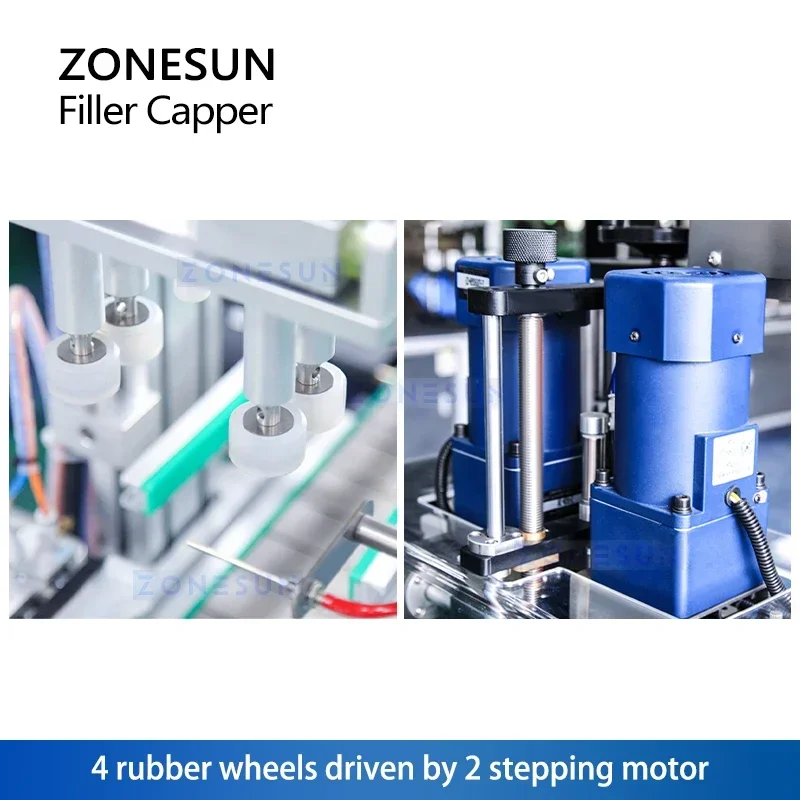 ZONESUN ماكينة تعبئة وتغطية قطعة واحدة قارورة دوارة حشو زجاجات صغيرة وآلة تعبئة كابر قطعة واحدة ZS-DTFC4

--

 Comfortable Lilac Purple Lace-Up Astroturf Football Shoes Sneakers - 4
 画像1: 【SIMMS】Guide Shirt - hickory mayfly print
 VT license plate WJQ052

YOUR OBJECTIVE: Print only what lies in the material above starting at the line with "画像1: 【SIMMS】Guide Shirt" and ending at the line with "VT license plate WJQ052", every line exactly as given.

ANSWER SECTION:
 画像1: 【SIMMS】Guide Shirt - hickory mayfly print
 VT license plate WJQ052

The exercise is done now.